Удивилась Кюммернис, завидев ребенка, перестала молиться, взяла его на руки и прижала к груди. Расхохотался Дьявол грубым смехом и сказал, ликуя: Ага, попалась! А она ответила ему на это: Нет, это ты попался. И еще крепче прижала его к груди. Дьявол хотел вырваться, но не сумел, поэтому решил опять изменить свой облик. Но сила, исходящая из груди святой, была столь могучей, что одурманила Дьявола и лишила сил. Понял он, что схватился с кем-то, не уступающим ему, а возможно, даже превосходящим его силой, ибо близким к Господу. Однако он не отступился от своих замыслов, а лишь решил действовать иначе.
Ты могла бы любить и быть любимой, сказал он.
Могла бы, ответила она.
Ты могла бы носить в своем чреве дитя, ощущать его внутри себя, а потом произвести его на свет, продолжал он.
Предать жизни, промолвила она.
Ты могла бы его купать, кормить, пеленать и ласкать. Могла бы наблюдать за тем, как он растет, как плотью и душой становится на тебя похожим. Ты могла бы принести в дар своему Богу его, а также и других детей, и Он был бы несказанно счастлив.
Могла бы.
Взгляни на меня, воскликнул тогда Дьявол.
Она еще сильнее прижала его к груди. С нежностью водила рукой по его гладкой коже. Затем достала грудь и приложила к ней Дьявола. Тот рванулся и исчез, как будто его и не было.
XIX. На второй день во время перерыва в молитве он явился к ней в облачении Епископа и произнес речь, с какой имеют обыкновение обращаться к пастве своей Епископы. И сказал он ей:
Что ты хочешь им доказать? Что Бог в точности исполнил твою просьбу и превратил тебя в чудовище? Тебе следовало бы уже получше Его знать. Он и не такие вещи творил.
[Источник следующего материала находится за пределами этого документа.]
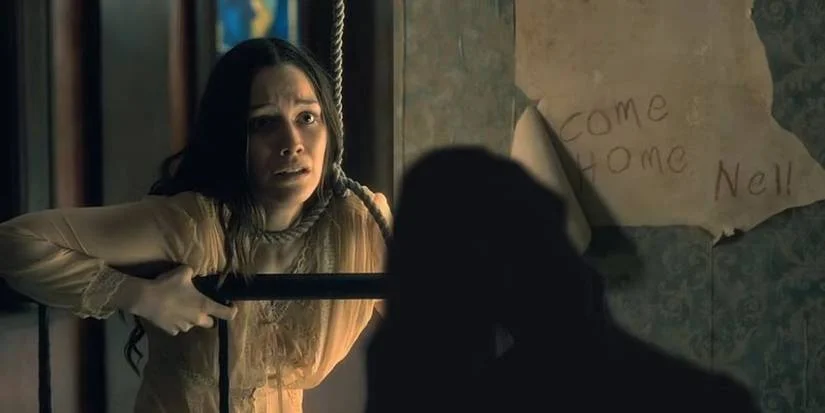 Série “The Haunting of Hill House” é o marco perfeito para maratonar na Netflix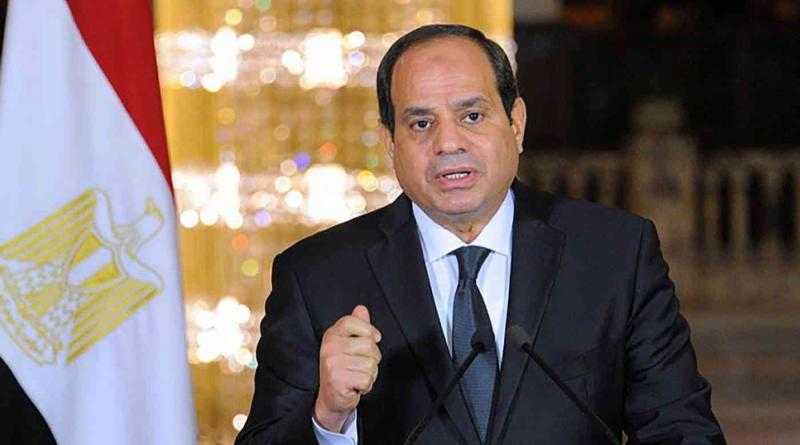 قيادي بحركة فتح: الرئيس السيسي تصدى بحزم لمخطط تهجير أهل غزة لسيناء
Никто не поймет того, что произошло. Забудут о тебе, устыдившись. Будут поносить тебя и осмеивать. Это чудо повергнет всех в страх. Люди не поверят, что оно исходит от Него. Чудеса должны быть прекрасны и возвышенны. Должны благоухать и источать божественный свет, сопровождаться звучанием благостной музыки. А кем ты стала? Женщиной с бородой. Ты сейчас годишься в уличные комедианты.
Твое упрямство здесь, в одиночестве, с чужим лицом вместо твоего красивого лика лишено смысла. Ты — не Он. Он сыграл с тобой шутку, и Ему до тебя больше нет дела. Он забыл о тебе, отправился творить новые миры. Думаешь, в Его мыслях осталось для тебя место? Он отдал тебя безмозглой толпе зевак, которые наравне с причислением к святым будет домогаться твоего сожжения на костре.
Никто о тебе и не вспомнит. Ты напрасно остаешься здесь и напрасно страдаешь. Хочешь Бога учить любви? Хочешь докучать Ему своей ничтожной особой?
Услышав сие, Кюммернис осенила Епископа крестным знамением и ответила:
Твоя сила проистекает из сомнения. Да будет тебе дано когда-нибудь познать благодать доверия.
При этих словах Дьявол исчез.
XX. На третий день в темнице девы появился святой Крест, а на нем тело Спасителя, но безликое. Тогда сердце Кюммернис исполнилось печали, принялась она себя винить, что ее ради Он лишил себя лица. Но душа Кюммернис была зоркой — там, где есть грех, Его не может быть. Уразумела она, что Дьявол пришел к ней в третий раз, и трижды перекрестила распятие. Понял Дьявол, что разоблачен, и задрожал.
Чего ты от меня хочешь? — спросил он, испугавшись, ибо уже давно никто, подобный сей женщине, не обретался в человеческом теле.
Ответила она ему: Исповедуйся мне. Покайся в своих грехах.
Воскликнул Дьявол в отчаянии: Как же так? Должно ли мне перед человеком исповедоваться?
Но однако же видел, что иного выхода у него нет, а посему начал говорить, сперва со злобой, а потом со все большим смирением. И исповедовался три дня и три ночи, а под конец просил в ее лице весь род человеческий простить ему всяческое зло, им совершенное.
Сказала ему Кюммернис: Неужто ты не дитя Божье, как и я, как и все люди?
А услышав ответ, познала тайну Бога и выпустила едва живого Дьявола из своих объятий.